When The China International Trust and Investment Corporation (CITIC) building in Beijing flung open its doors in 1985, its 29 floors qualified it as the tallest building in town.
Even 15 years later when we entered China, the address still carried prestige though it had long ago lost its title as tallest building in Beijing.
The photo above depicts a site inspection in 1999 before the buildout for our office space commenced. The woman in the foreground is Zhong Li, who started our Beijing office.
I’m eyeing the ceiling to give the impression that I actually understand the HVAC duct and fittings. I also remember being irritated that they couldn’t find a plastic hard hat — if there was ever an oxymoron — that fit my head.
It was an exciting time when we officially moved into what the locals called the “Chocolate Building” in 2000.
Unfortunately, the building started to fray at the edges (to be kind) over the years. I’m not privy to the operational budget for the building, but the owners clearly went on an austerity kick believing carpet should last “forever” and a fussy Internet came with the territory.

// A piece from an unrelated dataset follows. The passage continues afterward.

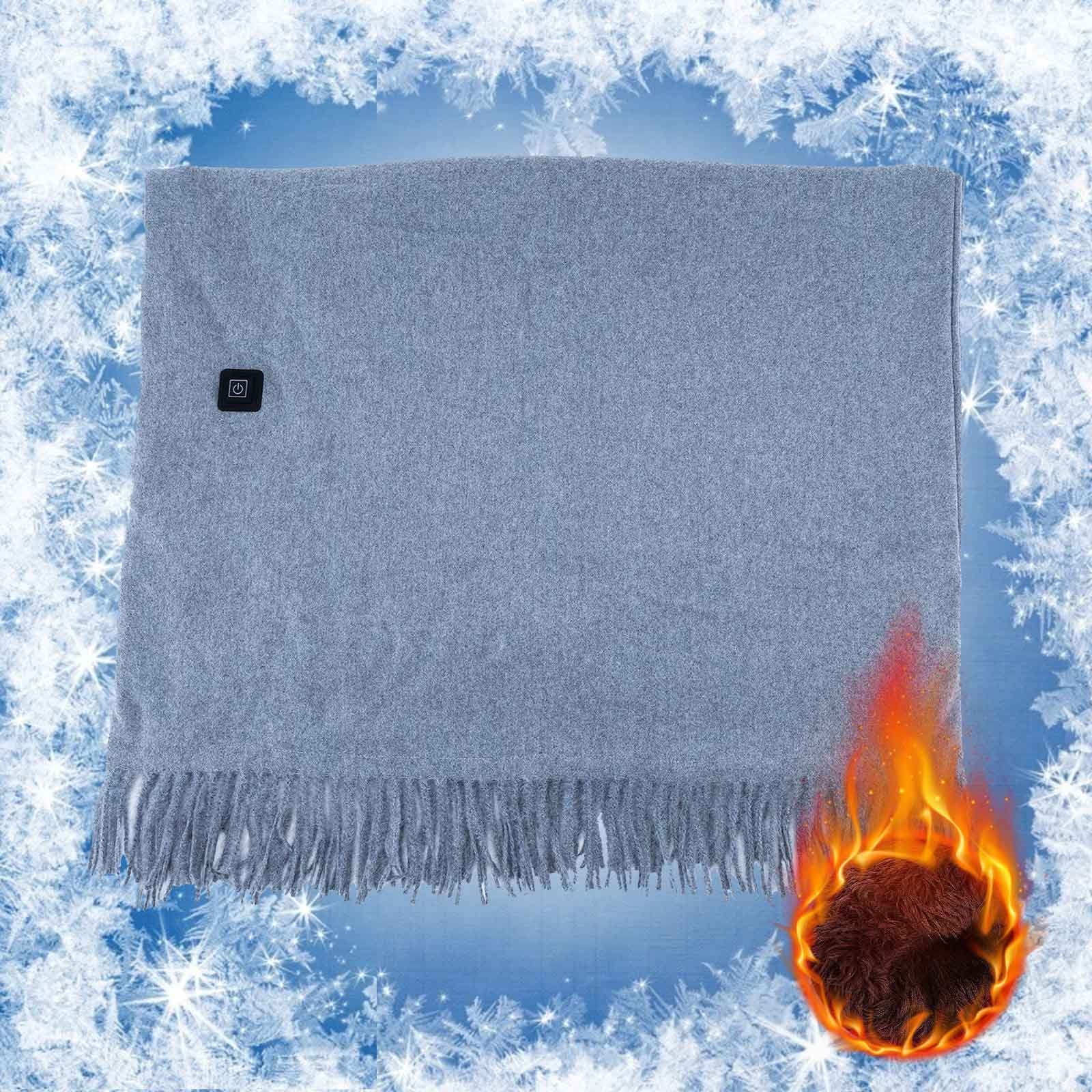 Bxaolu Heated Blanket, Cozy Portable Heated Blanket Battery Operated,Cordless USB Heated Shawl, Wearable Heating Blanket for Car, Heated Throw Wrap, 78"L x 26"W, Gray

Finally, after 15 years of residing in the Chocolate Building, we found a new Beijing home in the China World Office, a spiffy building and one I suspect the owners will maintain befitting the luxury brands that line the ground-level retail.
It’s a good omen that I did NOT conduct a site inspection.
With that said, things are never easy in China. In the midst of our buildout, a Military Parade took place which grinded all construction projects to a stop for 10 days. We also learned that the building management was sensitive to noise from any construction, meaning our renovation crew could only work after 8 p.m. and on weekends, and could only use hammers with heads covered in felt to pound nails (joking on the last point). Kudos to our internal buildout team, Wendy Mao, Davin So, Jenny Chan and Lydia Lau, who also worked unconventional hours to make it happen.
Here’s a shot of our Beijing team and a few “visitors” in the new digs.
Of course, it’s the people who create a culture and give energy to a company.
Still, there’s no question that a cool and professional space puts some extra bounce in the staff’s step.
I’ve yet to meet someone who prefers worn carpeting.